• EXERCISE DIRECTIONS:
Find the line containing "גברים, הצטיידו בעטים: זוהי" in the entries below. Restate it and each line after it, word for word, up to and including the line containing "6harf 6harf GIF".

• DATA EXTRACT:
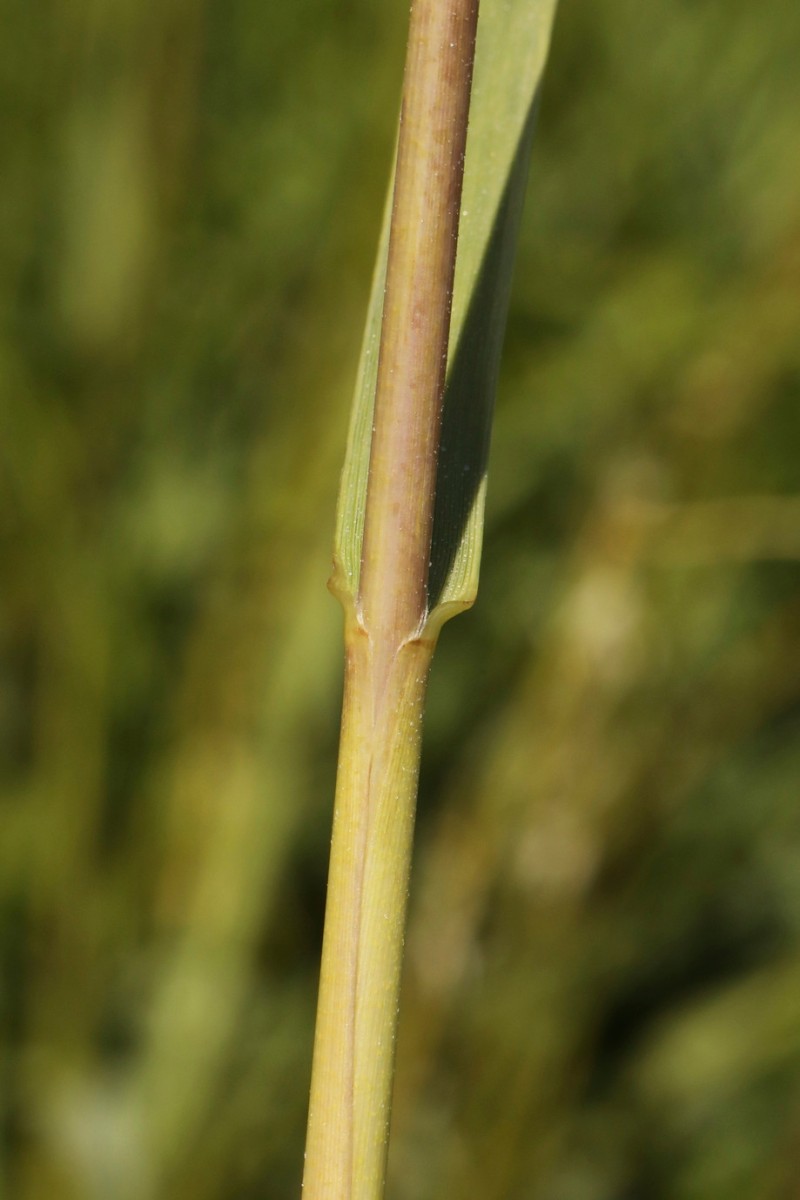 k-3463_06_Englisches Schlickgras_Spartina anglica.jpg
---
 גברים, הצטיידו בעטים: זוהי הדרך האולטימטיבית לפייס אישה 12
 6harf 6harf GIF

• RESPONSE AREA:
 גברים, הצטיידו בעטים: זוהי הדרך האולטימטיבית לפייס אישה 12
 6harf 6harf GIF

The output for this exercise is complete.